Failure to Reassess and Effectively Manage Ongoing Pain
Penalty
Summary
The facility failed to provide effective pain management for a resident admitted with a right humerus fracture, head injury, and iron deficiency anemia. At admission, the care conference established goals to get the resident’s pain under control and to work with therapy, and a pain evaluation set the resident’s acceptable pain level at 4/10. Medication orders included scheduled Tylenol Extra Strength 500 mg, two tablets three times daily, and PRN oxycodone 5 mg every eight hours for severe pain. The MAR showed 17 administrations of oxycodone over the review period, with documented pain scores ranging from 6/10 to 10/10, all above the resident’s stated acceptable pain level. Physical therapy notes during the same period documented ongoing shoulder pain that created barriers to participation, with one entry describing the resident as very upset with 10/10 pain and emotional about wanting to improve mobility to return home.

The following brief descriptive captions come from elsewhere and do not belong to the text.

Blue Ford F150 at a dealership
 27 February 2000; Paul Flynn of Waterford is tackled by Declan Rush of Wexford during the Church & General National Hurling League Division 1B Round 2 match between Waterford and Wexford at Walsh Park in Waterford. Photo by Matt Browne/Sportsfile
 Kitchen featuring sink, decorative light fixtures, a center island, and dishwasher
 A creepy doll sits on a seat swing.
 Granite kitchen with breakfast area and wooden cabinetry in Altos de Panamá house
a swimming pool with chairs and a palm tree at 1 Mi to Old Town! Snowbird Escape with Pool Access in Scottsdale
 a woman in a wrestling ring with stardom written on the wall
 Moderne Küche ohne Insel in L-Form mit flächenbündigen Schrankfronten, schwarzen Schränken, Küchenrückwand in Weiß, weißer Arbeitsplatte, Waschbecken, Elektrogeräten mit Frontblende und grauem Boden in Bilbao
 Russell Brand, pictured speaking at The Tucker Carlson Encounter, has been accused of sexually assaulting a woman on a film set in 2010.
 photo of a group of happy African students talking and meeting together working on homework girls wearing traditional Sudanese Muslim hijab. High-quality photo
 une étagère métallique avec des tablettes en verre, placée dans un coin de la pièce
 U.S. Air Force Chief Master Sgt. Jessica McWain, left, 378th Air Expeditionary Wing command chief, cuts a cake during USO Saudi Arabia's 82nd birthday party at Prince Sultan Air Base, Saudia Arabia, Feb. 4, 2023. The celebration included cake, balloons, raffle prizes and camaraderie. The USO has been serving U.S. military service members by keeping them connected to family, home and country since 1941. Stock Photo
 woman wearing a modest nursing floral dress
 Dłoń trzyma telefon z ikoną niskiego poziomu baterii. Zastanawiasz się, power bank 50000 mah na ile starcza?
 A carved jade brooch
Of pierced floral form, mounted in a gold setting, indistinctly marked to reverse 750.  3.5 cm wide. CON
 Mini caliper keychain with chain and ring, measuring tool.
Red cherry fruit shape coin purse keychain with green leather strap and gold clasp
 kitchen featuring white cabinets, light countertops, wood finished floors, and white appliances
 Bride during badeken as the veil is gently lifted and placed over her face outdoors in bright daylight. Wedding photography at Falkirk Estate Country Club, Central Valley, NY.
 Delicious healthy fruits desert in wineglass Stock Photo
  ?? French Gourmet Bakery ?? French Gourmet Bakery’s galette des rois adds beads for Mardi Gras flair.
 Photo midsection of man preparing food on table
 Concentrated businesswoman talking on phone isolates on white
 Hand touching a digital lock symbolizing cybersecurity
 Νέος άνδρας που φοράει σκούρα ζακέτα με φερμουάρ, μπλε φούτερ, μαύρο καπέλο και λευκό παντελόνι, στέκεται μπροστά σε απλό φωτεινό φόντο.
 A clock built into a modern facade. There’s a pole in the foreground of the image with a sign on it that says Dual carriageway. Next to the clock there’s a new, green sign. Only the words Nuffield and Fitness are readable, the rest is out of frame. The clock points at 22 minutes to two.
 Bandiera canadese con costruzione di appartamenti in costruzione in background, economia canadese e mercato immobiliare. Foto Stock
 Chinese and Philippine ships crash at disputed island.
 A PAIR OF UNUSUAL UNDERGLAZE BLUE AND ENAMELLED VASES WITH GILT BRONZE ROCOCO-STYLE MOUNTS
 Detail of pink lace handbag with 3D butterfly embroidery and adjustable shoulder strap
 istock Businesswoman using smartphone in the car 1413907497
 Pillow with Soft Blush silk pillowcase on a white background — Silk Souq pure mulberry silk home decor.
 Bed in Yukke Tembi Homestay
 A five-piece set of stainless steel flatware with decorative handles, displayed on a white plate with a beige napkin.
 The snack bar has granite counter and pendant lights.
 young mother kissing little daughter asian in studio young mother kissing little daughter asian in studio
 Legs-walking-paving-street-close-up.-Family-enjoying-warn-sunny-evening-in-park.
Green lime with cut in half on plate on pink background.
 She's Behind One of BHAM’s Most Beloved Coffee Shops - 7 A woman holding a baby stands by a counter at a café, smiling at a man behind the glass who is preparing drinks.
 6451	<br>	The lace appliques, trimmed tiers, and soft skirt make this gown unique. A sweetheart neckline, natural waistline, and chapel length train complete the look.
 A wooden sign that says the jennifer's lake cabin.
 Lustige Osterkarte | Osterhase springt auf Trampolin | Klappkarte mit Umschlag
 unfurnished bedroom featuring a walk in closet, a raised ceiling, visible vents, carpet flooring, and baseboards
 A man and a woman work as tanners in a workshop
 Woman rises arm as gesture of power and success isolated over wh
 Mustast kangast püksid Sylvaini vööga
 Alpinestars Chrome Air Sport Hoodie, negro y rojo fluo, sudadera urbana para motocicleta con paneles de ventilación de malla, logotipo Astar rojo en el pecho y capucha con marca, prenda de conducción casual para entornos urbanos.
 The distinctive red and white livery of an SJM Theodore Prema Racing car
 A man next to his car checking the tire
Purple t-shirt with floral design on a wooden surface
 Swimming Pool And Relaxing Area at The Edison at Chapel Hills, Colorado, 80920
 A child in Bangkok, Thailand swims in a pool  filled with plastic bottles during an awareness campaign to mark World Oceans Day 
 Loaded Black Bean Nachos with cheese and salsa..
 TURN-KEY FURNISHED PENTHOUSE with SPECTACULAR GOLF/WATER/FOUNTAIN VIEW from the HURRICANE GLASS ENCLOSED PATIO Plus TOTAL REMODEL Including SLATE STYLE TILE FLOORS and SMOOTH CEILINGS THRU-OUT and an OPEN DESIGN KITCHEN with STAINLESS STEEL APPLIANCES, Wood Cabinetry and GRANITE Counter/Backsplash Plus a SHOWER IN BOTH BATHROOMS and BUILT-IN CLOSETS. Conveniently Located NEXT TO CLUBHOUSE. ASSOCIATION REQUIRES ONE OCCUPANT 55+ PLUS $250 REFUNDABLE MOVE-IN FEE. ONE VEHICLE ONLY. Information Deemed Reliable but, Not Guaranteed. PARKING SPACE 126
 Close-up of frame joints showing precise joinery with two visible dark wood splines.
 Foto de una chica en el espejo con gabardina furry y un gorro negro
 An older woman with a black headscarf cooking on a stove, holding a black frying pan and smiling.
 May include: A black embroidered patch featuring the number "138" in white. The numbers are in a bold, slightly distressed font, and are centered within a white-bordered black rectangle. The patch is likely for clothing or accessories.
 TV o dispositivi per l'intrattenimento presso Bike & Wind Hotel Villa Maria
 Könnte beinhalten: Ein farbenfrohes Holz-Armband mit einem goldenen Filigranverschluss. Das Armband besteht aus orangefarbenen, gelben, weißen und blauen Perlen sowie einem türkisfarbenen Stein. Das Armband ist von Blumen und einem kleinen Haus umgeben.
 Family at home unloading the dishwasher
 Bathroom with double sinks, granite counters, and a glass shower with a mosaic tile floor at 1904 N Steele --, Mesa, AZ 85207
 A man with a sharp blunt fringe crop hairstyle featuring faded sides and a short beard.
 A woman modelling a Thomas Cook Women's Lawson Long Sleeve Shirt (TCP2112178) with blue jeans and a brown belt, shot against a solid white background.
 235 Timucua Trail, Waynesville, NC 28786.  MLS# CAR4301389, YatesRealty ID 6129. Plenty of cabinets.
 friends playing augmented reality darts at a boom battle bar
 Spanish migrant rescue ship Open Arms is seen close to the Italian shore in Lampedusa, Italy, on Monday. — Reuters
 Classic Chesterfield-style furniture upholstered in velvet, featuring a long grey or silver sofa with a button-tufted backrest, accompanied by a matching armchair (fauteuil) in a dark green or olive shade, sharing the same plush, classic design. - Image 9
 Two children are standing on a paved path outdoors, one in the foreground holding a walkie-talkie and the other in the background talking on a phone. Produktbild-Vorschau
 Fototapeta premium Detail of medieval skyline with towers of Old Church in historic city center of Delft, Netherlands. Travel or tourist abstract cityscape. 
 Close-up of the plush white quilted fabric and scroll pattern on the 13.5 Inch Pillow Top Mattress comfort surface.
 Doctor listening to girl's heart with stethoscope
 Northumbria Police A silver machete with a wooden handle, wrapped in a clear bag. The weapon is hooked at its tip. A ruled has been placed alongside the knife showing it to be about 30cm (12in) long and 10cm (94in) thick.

Another therapy note recorded increased pain while the resident was lying in bed and a request to nursing to administer pain medication. Observations found the resident guarding her right shoulder and reporting she was always in pain and could not recall a time since admission when her pain had been under control, and later stating she was in pain all the time during a medication pass. The DON stated she believed the resident’s pain was well managed based on PRN effectiveness, but upon review of the record did not identify documentation of reassessment or evaluation of the overall pain management plan despite repeated reports of pain levels above the resident’s acceptable goal.